Does anyone know why this Dot operator that does a matrix multiply with input shapes [3,5], [5,6], can be serialized, but not deserialized?
import numpy as np
import tensorflow as tf
M = 3
K = 5
N = 6
input0 = tf.keras.layers.Input(shape=[M,K])

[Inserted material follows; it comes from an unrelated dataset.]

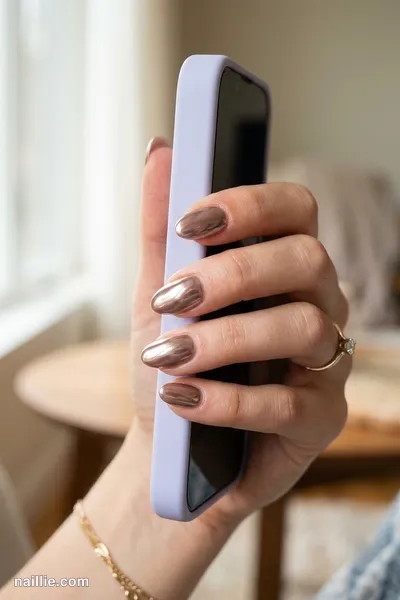 Close-up of oval nails with mocha polish and a mirror-like chrome finish — look 2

constant=tf.constant(np.random.random([1,K,N]))
input1 = constant #tf.keras.layers.Lambda(lambda x: constant)(input0)
x = tf.keras.layers.Dot(axes=[-1,-2],trainable=False)([input0,input1])
m = tf.keras.Model(inputs=[input0], outputs=[x])
print(m(np.random.random([1,M,K]))) # can run before saving
tf.keras.models.save_model(m,"test_dot.keras")
tf.keras.models.load_model("test_dot.keras") # fail
The immediate error is:
if shape1[axes[0]] != shape2[axes[1]]:
IndexError: list index out of range
shape2 is some unexpected value,
[[[(), (), (), (), (), ()], [(), (), (), (), (), ()], [(), (), (), (), (), ()], [(), (), (), (), (), ()], [(), (), (), (), (), ()]]]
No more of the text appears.